We all know the scary statistic by now: a recent YouGov survey shows that millennials have much more favorable views of socialism than of capitalism. For someone like me who survived one of the worst socialist regimes in human history (communist China), this result is beyond heart-breaking. There's no doubt that millennials do not understand what socialism is. They never learned about the atrocities and human sufferings socialism has caused. It's not the fault of the millennial generation, but the fault of our education system. For those of us who lived through socialism, we have a moral duty to reach out to young people and help them learn the truth of socialism. How should we approach this? Speak up and share your personal stories.
Yes, millions of people died under socialism. But very few people respond to statistics. Joseph Stalin, who was responsible for the death of 30-40 million Russians, once said (and this is only time I will ever quote him), "A single death is a tragedy; a million deaths is a statistic." So when we talk to millennials about socialism, instead of citing statistics, let's share our personal stories; how we and people we loved suffered under socialism. I understand that it's excruciating to tell those stories and many of us would rather just forget about it. I remember when I was writing my autobiography, Confucius Never Said, some of my recollections were so painful, that I had to take some time out because I was overrun by emotions.
But we have to share our stories no matter how dreadful we feel because a good personal story makes a complex concept such as socialism easy to understand; it sparks people's emotions and keeps them engaged; it inspires empathy and action. Maya Angelou once said, “People will forget what you said, people will forget what you did, but people will never forget how you made them feel.”
So if you are a survivor of socialism, whether from the former Soviet Union, China, Cuba or Venezuela, speak up and share your stories. Don't limit yourself to just your families and friends. Make yourself available to your community, especially neighborhood schools. Contact the local high schools and ask them if you can come to their social science or history class and speak to the kids directly. I've spoke at several high schools before. Rather than telling them that 20-30 million Chinese people died during the three famine caused by Mao's disastrous policy, I shared with them the story of an uncle I never met. He was born during the famine. My grandmother was too hungry to produce any milk to feed him, and there was no baby formula available. He died in my grandmother's arms. While I was sharing this story, those teenagers were spell bound. No one was checking their iPhones. Many of them came to shake my hand afterwards and said "thank you." It was a rewarding experience for me.
In addition to speaking, we also need to develop multimedia platforms to educate young people on socialism. Even though there are many wonderful books written about suffering under socialism, such as Ayn Rand's We the Living, or Yang Jisheng's Tombstone, we know young people nowadays don't read as much as previous generations and they respond better to other media platforms such as photos, films, podcast etc.
There is something we should learn from the Holocaust survivors: they have been relentlessly pushing for education on the Holocaust through books, movies, documentaries, talks and there are many Holocaust museums around the world to bring all these together.

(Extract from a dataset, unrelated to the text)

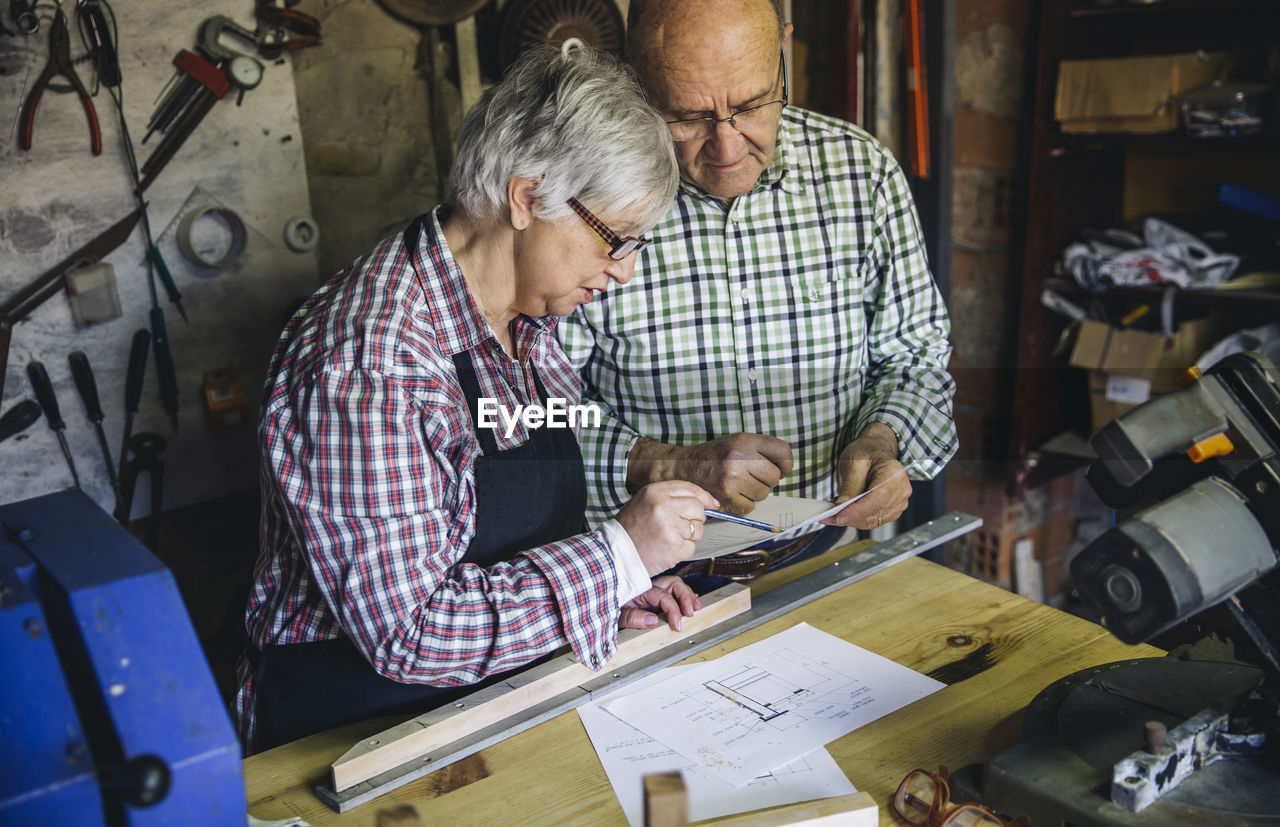 Senior couple working at workshop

They use all the tools available to make sure people, especially the young, will never forget the Holocaust. We, the survivors of socialism/communism, haven't done nearly enough to ensure people know the truth of socialism/communism. When was the last time a movie was made about socialism/communism? Where is the museum of the suffering of socialism/communism?
We the survivors of socialism/communism have a lot of catching up to do. The YouGov survey is a wake up call. Time is running out. Martin Luther King Jr. once said, "the time is always right to do the right thing." Let's get to work now!